2017年の模擬授業は7月1日(土) 13:30〜15:00に開催されました。



 環境資源科学科では,今年も模擬授業を以下の要領で開催します。
この機会に東京農工大学の雰囲気と環境科学に関係する授業を少しだけ味わってみませんか?


「大気汚染はなぜ発生するのか? -オキシダント・PM2.5の発生メカニズム-」
(中嶋吉弘先生)

 私たちが住む地球上では様々な環境問題が発生し、その解決方法が常に検討または実証され続けています。大気環境に限って言えば、温室効果気体の増加による気候変動がよく知られているかと思います。今回取り上げる大気汚染も、大気環境問題の重要な課題です。最近ではメディアなどで『PM2.5』が大気汚染の一つのキーワードとして大々的に取り上げられており、皆さんもよく知るところだと思います。そしてもう一つのキーワードに『光化学オキシダント』があります。オキシダント注意報が発令されると、屋外での運動や外出を控え、屋内に入るように言われた方もいるかもしれません。
 私の模擬授業では『PM2.5』と『光化学オキシダント』をキーワードに、そもそもなぜ大気汚染が発生するのか、大気汚染の原因物質はどこから湧き出てくるのか、そして大気汚染問題の解決がなぜ難しいのか、という素朴な疑問を大気化学に加えて大気環境の歴史的な(それほど古くはありませんが)経緯を踏まえながら解説したいと思います。



「バイオエネルギー研究の最前線」
(堀川祥生先生)

 我が国のエネルギー自給率はわずか5%程度であり、そのほとんどが石油・石炭といった化石燃料に依存しています。
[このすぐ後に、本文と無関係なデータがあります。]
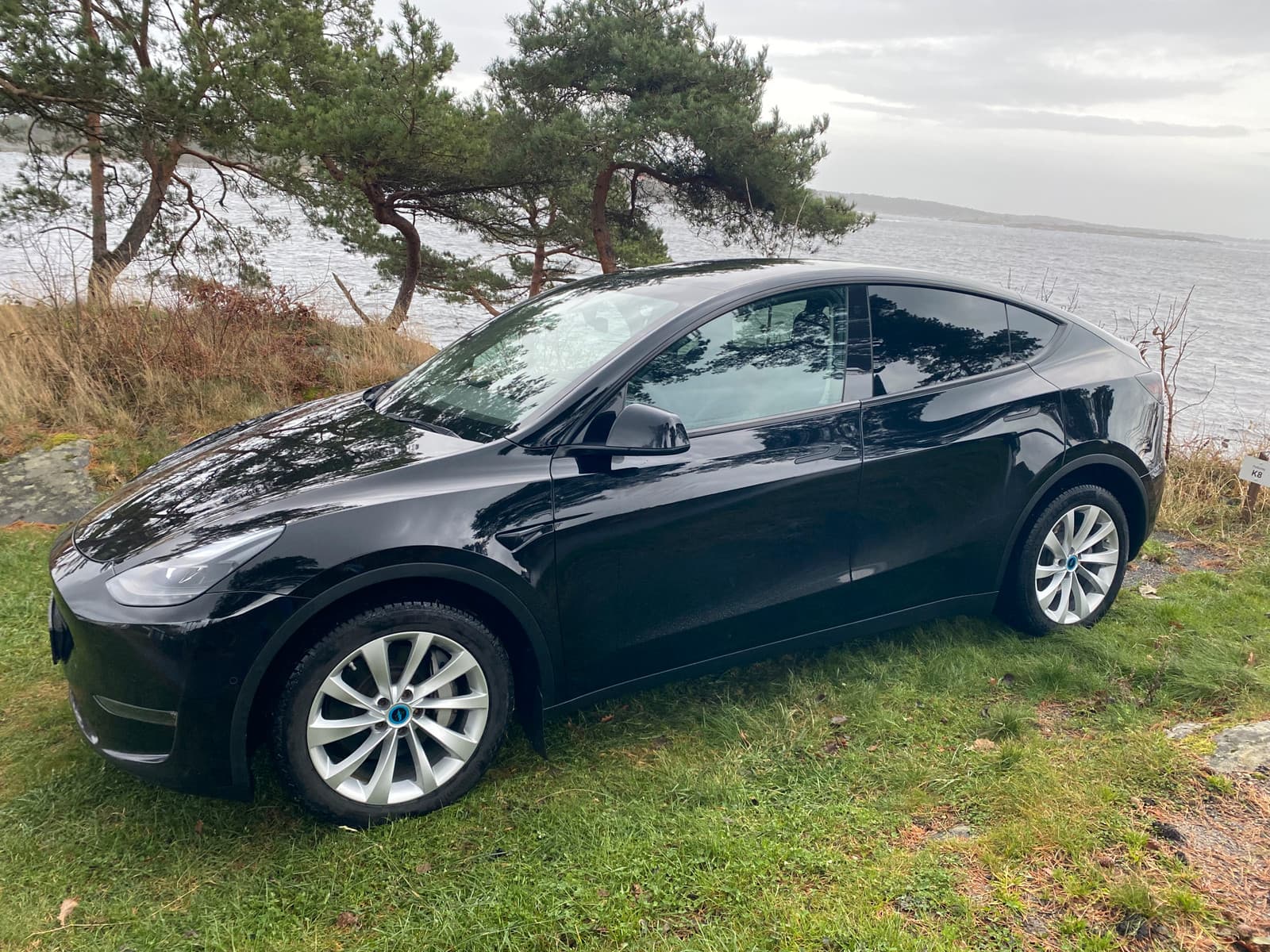 Tesla Model Y 2021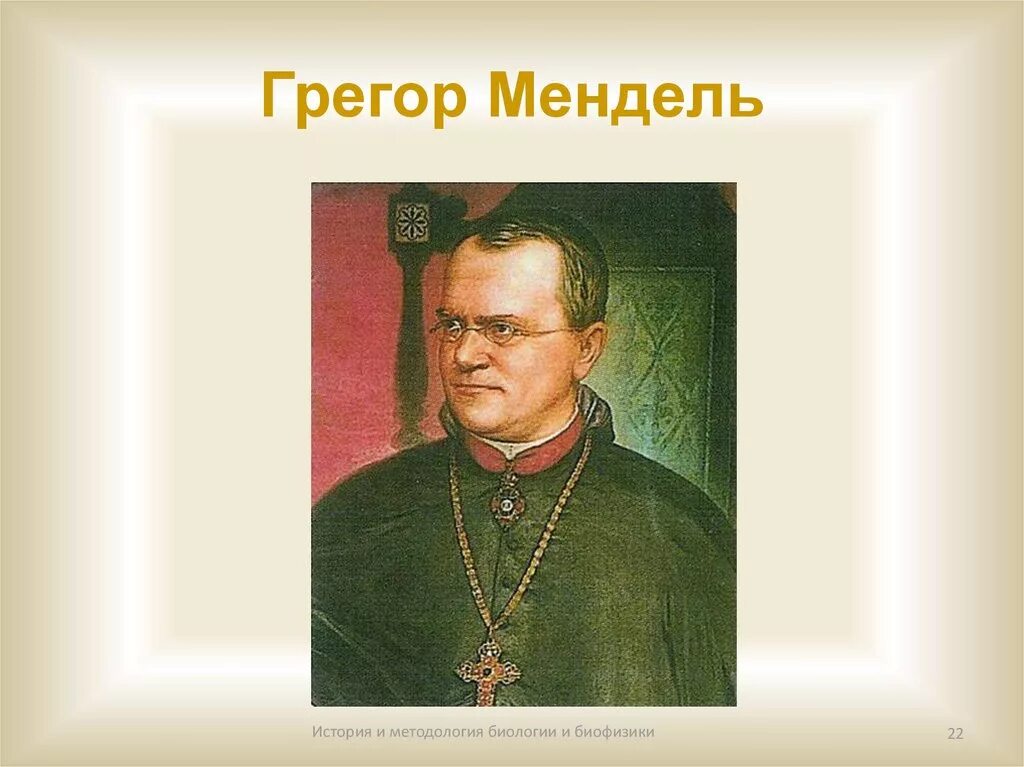 Грегор иоганн мендель (1822-1884). Грегор мендель генетика. Грегор мендель биология. ). Грегор иоганн мендель вклад в биологию.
そして化石燃料は限りがあるエネルギー資源です。したがって今後は次世代のためにクリーン且つまた使える資源、つまり再生可能エネルギーの利用を考えていかねばなりません。
 再生可能エネルギーとして太陽エネルギー、風力エネルギー等も注目を集めていますが、バイオマスは液体燃料や工業原料すなわち有機化合物の炭素供給源となりうることが大きな特徴であり、極めて重要な点でもあります。このバイオマスとは動植物などから生まれた生物資源の総称ですが、地球上に存在するバイオマスの中で圧倒的な量を占めるものは樹木を含めた植物由来です。
 このような背景から、私の模擬授業では植物バイオマスのエネルギー利用の一環としてバイオエタノールについてお話します。その製造工程はもちろんですが、なぜ植物からエタノールを生産できるのか、という疑問を明らかにするため植物バイオマスの本質である細胞壁ならびにその主成分であるセルロースの構造に関しても解説します。また、バイオエタノールの製造において重要な工程となる酵素糖化、つまりセルロースを酵素が分解する様子についても電子顕微鏡写真を用いて紹介する予定です。